A Trip to the CalAcademy of Sciences Research Area

 

1 November 2004 – Scott, Merrie and I drove up to the CAS to meet Mor and Andreas.  There, we met Stan, who showed us around.

 

1:55pm -- Stan gave us a short presentation on what they do at the CAS.  The main science done at the CAS is Biological Taxonomy (classification and description of specimens and species).  There are way more specimens coming in than can be classified, so they have to pick and choose.

 

The CAS is part of many hundreds of natural history museums around the world, who collaborate for the good of science.

 

Their work on Biological Systematics is to study variation within and between species. 

Diagnostic – A vs. B.  How do we tell the difference between two species?

 

Phylogenetic – “Worms vs. Snakes”.  How do we classify them, even though at many levels they are similar.

 

~10 to 100 Million species yet to be discovered, mostly in rainforest and deep sea.

 

What they do

Collect

Process

           Preserve & Catalog

Study

           Observe & Analyze

Publication & Dissemination

They have their own proceedings which hold their research findings.

 

Nudibranchs
We then went up to meet at lady (S) who studied nudibranchs, in the invertebrate zoology and geology department.  Linnaeus studied nudibranchs (small sea slugs) in the late 1700’s.

           What they do is dissect them (millimeter sized animals) and find characters to classify them.  Inventing and choosing characters to classify species is part of the intellectual work that these biologists do.  There are various contributions of nudibranch research, such as future cancer drugs.

 

Herpetology

Then we met a gentleman (B) who showed us their reptiles and amphibians department.  When new specimens come in, they are packaged in containers.  Each species gets a tag number and identification is written on (presumably water/alcohol proof) paper. 
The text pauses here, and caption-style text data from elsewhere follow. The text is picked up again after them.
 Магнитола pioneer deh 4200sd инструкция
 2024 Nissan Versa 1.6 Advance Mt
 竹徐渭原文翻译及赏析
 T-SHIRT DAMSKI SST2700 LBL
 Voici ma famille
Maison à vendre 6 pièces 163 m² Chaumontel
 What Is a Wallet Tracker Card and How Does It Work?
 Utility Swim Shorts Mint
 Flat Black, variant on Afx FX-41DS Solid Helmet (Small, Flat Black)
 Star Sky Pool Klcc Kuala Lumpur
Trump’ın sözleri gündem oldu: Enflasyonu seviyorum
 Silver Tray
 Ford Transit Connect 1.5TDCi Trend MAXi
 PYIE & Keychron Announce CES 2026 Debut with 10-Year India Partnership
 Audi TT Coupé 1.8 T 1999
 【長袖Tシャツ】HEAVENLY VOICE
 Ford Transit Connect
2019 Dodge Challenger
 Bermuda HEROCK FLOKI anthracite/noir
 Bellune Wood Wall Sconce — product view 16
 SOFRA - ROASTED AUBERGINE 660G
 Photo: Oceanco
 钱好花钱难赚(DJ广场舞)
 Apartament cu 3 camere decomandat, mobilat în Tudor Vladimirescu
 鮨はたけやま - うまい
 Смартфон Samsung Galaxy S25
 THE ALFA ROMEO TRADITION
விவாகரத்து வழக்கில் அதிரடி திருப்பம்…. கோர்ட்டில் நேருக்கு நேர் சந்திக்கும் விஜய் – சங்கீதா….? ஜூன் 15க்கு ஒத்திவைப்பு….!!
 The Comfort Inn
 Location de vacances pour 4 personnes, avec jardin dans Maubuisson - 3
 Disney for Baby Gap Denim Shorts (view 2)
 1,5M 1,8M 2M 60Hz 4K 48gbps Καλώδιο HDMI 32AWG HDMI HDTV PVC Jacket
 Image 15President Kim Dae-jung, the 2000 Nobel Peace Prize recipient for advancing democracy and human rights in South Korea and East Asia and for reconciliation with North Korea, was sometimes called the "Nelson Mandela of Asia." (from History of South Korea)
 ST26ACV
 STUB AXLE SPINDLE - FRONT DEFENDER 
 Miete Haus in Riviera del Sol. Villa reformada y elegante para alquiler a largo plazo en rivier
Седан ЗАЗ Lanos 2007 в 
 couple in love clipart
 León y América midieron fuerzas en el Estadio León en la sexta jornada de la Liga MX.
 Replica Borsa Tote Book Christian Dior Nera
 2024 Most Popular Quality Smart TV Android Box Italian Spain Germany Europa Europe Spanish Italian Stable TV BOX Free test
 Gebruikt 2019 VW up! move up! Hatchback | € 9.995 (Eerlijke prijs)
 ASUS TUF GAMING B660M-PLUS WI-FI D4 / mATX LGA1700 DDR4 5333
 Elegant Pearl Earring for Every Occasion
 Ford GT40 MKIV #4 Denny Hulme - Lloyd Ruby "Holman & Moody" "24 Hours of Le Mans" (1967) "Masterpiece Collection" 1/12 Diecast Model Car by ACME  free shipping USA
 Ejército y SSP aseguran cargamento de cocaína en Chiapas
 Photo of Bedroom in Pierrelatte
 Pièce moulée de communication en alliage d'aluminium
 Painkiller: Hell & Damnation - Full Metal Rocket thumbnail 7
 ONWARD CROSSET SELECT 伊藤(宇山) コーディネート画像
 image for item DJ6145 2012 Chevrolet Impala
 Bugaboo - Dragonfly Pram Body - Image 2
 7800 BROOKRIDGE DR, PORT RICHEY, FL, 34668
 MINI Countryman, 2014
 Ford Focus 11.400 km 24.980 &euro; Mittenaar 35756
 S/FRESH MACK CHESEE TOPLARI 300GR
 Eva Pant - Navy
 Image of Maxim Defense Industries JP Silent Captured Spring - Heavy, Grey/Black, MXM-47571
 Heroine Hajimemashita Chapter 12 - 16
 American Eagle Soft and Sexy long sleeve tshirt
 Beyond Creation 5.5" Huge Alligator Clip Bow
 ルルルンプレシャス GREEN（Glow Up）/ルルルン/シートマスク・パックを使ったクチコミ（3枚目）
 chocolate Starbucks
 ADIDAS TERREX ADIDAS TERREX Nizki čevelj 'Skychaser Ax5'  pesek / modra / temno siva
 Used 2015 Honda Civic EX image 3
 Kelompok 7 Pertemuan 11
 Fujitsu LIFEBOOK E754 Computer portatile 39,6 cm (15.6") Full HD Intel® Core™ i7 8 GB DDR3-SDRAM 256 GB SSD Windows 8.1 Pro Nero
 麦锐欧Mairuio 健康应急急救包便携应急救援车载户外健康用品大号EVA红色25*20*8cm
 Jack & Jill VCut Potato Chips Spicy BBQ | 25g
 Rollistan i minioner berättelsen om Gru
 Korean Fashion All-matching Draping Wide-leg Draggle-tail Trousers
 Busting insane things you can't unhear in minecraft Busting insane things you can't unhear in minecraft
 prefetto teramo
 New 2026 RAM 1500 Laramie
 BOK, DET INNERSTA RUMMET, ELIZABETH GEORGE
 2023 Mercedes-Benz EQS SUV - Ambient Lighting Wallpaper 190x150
           Their software database for cataloging the identification of the specimens does not log history.  If someone else comes and says that your ID was wrong, and renames the entry, then your input is lost.  In their herpetology hall, they get about 2 external visitors a month who’ll stay there for several days to research specimens.  He mentioned that sometimes, they find species that he doesn’t even know existed.  Many times, the interesting questions are similar to “Which characters, when flipped, cause ambiguity in species identification?”

 

Entomology

We visited Mr. J S, who showed us a room with 5 million insect specimens, stored in boxes, arranged by species.  Each box has colored dots to also indicate the geographical location of where the specimen was caught.

           We then went up to visit a lady who works on the AutoMontage system to take pictures of ants for AntWeb (google: antweb).  We talked about neotypes, holotypes, and paratypes.  For example, a holotype (http://en.wikipedia.org/wiki/Holotype) is the one specimen that “defines” the species.  If it is destroyed, a neotype is selected.  Paratypes define the range of the species, and Allotypes are the type of the opposite sex.

 

GIS Work
We then met a lady (M K) who works on making map visualizations of where amphibian specimens were caught.  They work in ArcGIS 9.  She showed us the field notes that were taken in their project in Myanmar. 

 

The Library

Last, we visited the library where they house really really old books.  We saw some of Tracy Storer’s handwritten field notes (Storer was a contemporary of Joseph Grinnell).  We also saw some really big books by the Audubon Society (a book of birds).

 

 

That was it.  We learned a lot, and had a lot of fun too.  Now, to research!